Perhaps its happening in the group because I have been examining what that seat really means to me and what it really means to me to step into the seat I have been given. Teaching seems to work that way! Always, there is a theme or thread between what I am working on personally and what a group brings to a training. I suppose that is the message of meditation, right? That life is NOT coming to us from the outside in but life is instead, coming to us from the inside out.
Anyway, I have been thinking a lot about what John Friend taught on the last day of the Grand Gathering. He gave a teaching about the 4 kinds of relationships we have in life- the Friend, the Enemy, the Teacher and the Student. I have heard him talk about this many times over the years but somehow the simple brilliance of the teaching this year has been working on me a lot.
See, the thing is that there is a kind of intimacy in each kind of relationship- even in the enemy. To hate someone requires A LOT of energy, to wish someone harm is, in many ways a kind of intimate wish because you have to care a lot in order to be an enemy with someone, even if the caring is inverted. And intimacy among friends, while it has shades and grades involved, is essentially what friendship is.
I think it starts to get interesting as we move into the domain of the teacher-student relationship because while there is a deep and profound sharing of intimacy between teacher and student, the terms of the relationship are actually very unique and not like most other relationships that we encounter.
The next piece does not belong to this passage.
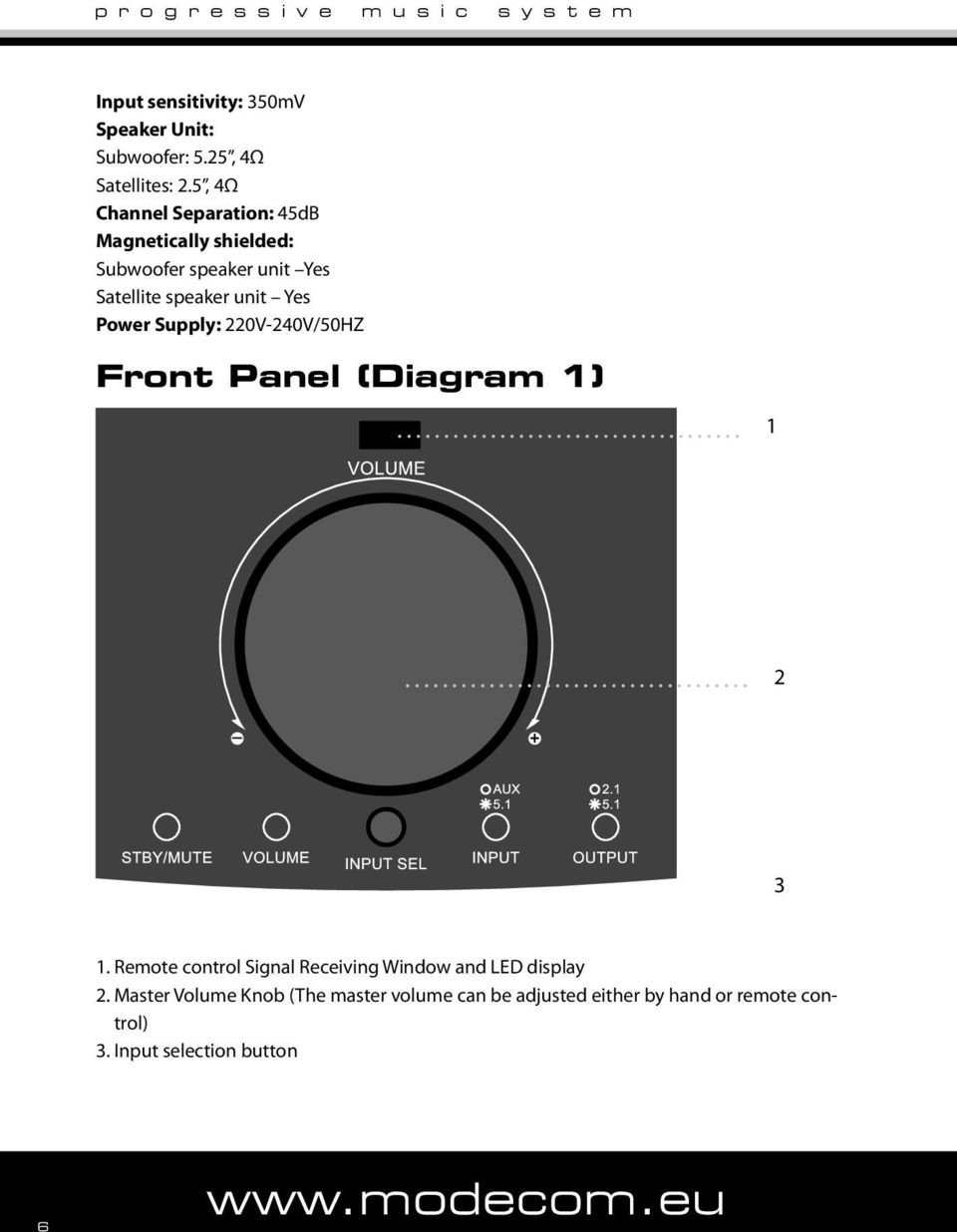 Power Supply: 220V-240V/50HZ Front Panel (Diagram 1) 1 2 3 1.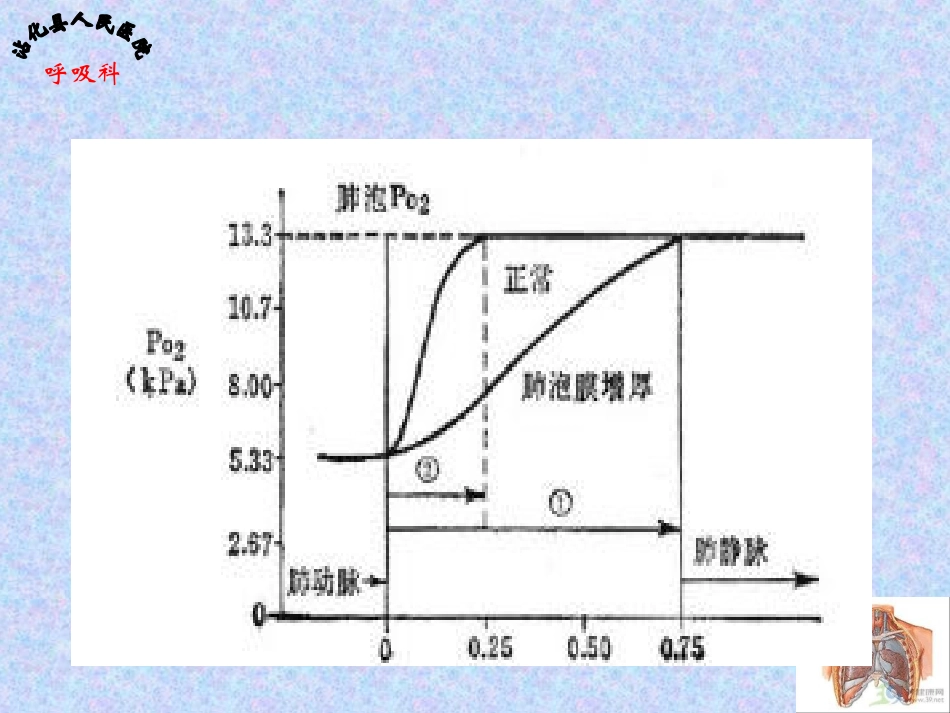 低氧血症课件_第2页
And it can be very confusing on both sides to know how to navigate the intimacy with boundaries that differ from the average friendship or more common intimate relationships. It can be easy to project super human qualities on the teacher only to recognize their humanity and feel betrayed and disappointed in their very real human frailty. It is easy to assign them every positive quality we don't recognize in ourselves and then tear then down off the pedestal when we grow more into our own power. We can be so accustomed, as students to being served by our teacher that we forget they have feelings, perceptions and needs.
As teachers we can be so busy looking at our student's Light that we fail to see their weaknesses and darknesses and fail to meet their needs adequately. We may fall so in love with our students and enjoy their company so much that we forget we are in their life to guide them and not to be friends with them. We may have our own unmet needs of wanting approval that set us up to please them as opposed to serve them. And so on.
I suppose the variations on the theme are endless. And I also thing that just as we have a personal expression of our "unique life wave" (as Paul Muller Ortega says) I think that we each have a personal expression of the seat of teacher that we discover, many times the hard way. My personal experience is that the "hard way" of learning things has also been full of so much grace and generosity from both my teachers and students.
Paul Muller once talked about how we, as students, receive the blessings and grace of the teacher. He said, too, that the teacher is held in the grace of the student also and that it is the reciprocity of each person in the relationship playing their role that makes for the deepest transformation.
So anyway- its a very rich conversation this week in Tucson.